Bulletin of the National Speleological Society - ISSN 0146-9517
Volume 30 Number 4: 95-114 - October 1968

A publication of the National Speleological Society

Stratigraphic and Structural Controls on Landform Development in the Central Kentucky Karst
Alan D. Howard


The number of sinks and hilltops on Meramec and lowest Chester rocks in central Kentucky was found to be closely controlled by several factors, among which the stratigraphic horizon upon which they are developed and the local and regional structure are most important. Several persistent sink-forming stratigraphic units were found in the basal Ste. Genevieve and upper St. Louise formations which crop out as low-relief "sink escarpment." These stratigraphic units are tentatively identified with bedded chert sequences.

The form of the Big Clifty (Dripping Springs) escarpment is closely controlled by the stratigraphic dip; low dip is associated with an irregular escarpment front of linear ridges and numerous outliers, with solutional valleys below the escarpment. In contrast, the escarpment front is nearly parallel to the structural contours in areas of high dip and there exists few reentrants or solutional valleys.

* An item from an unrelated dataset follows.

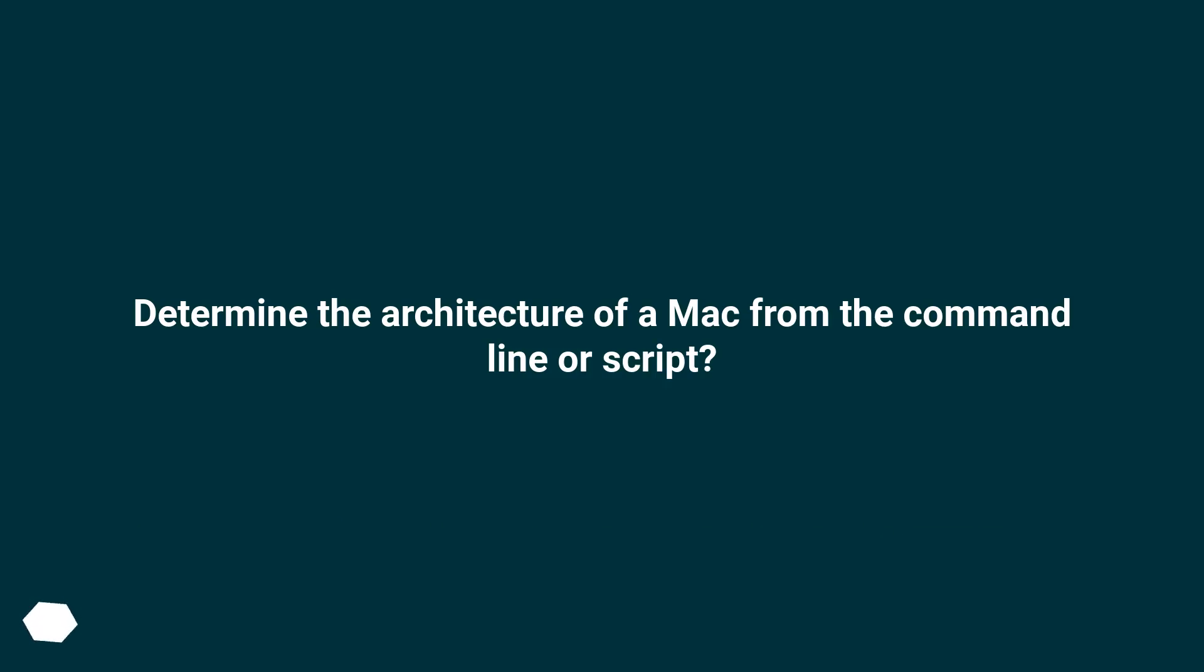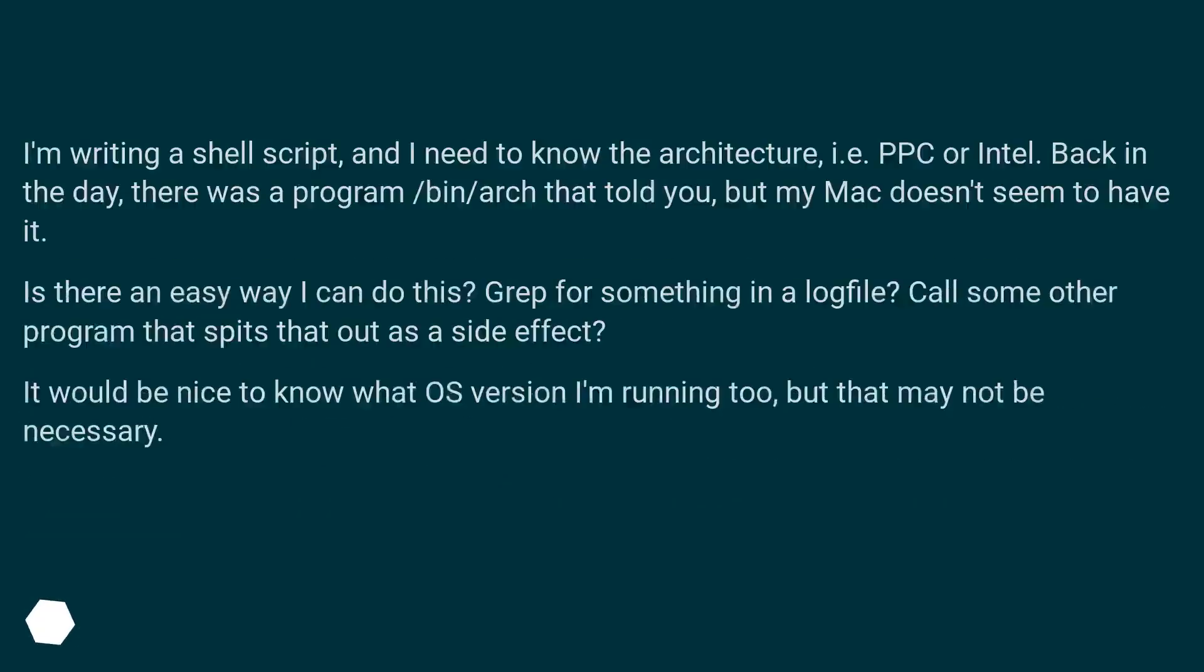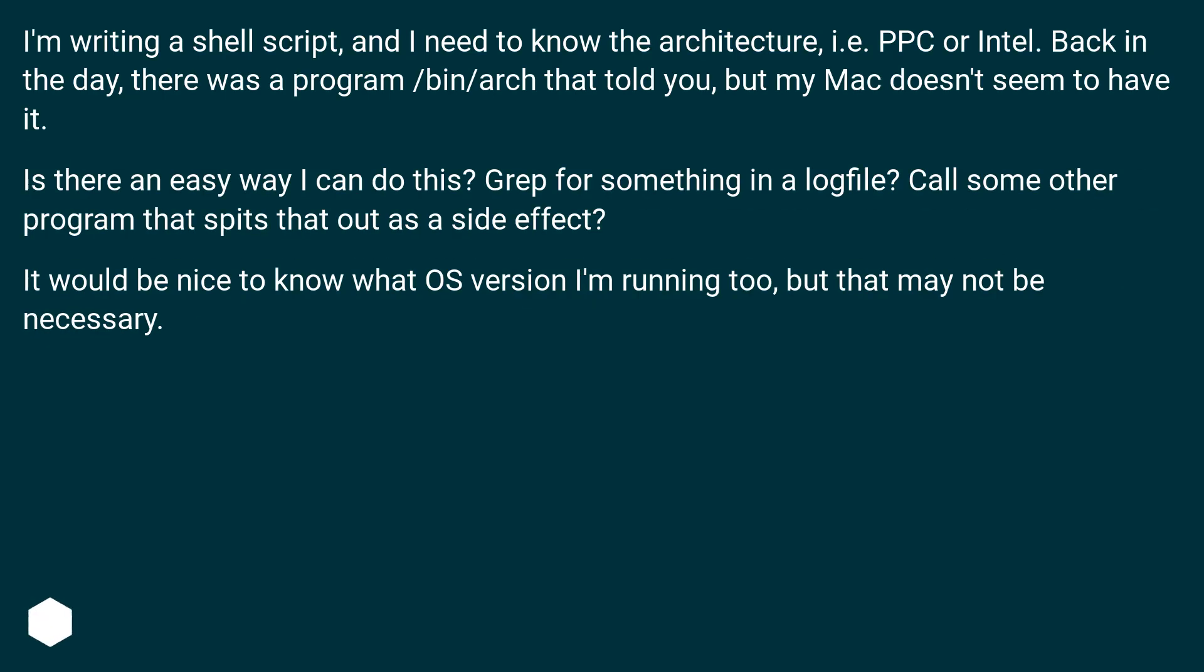Determine the architecture of a Mac from the command line or script? I'm writing a shell script and I need to know the architecture, i.e. PPC or Intel. Back in the day, there was a program /bin/arch that told you, but my Mac doesn't seem to have it.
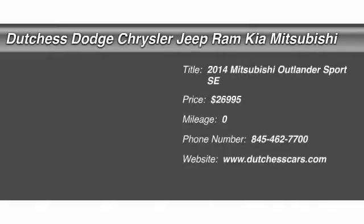The 2014 Mitsubishi Outlander Sport. The all-new Outlander Sport features a fuel-efficient engine paired to either a five-speed manual or a continuously variable transmission and comfortable accommodations for five.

Little evidence was found within the present topography for any past periods of baseleveling withing the karst area. However, striking changes of landforms though time are occasioned by the vertical succession of stratigraphy and the local and regional structure. Clear evidence is lacking within the topography for historical changes in landforms resultant from climatic change or fluctuation of local baselevel. However, evidence for such enviornmental change might be read from alluvial, surficial, and cavern deposits and cavern levels.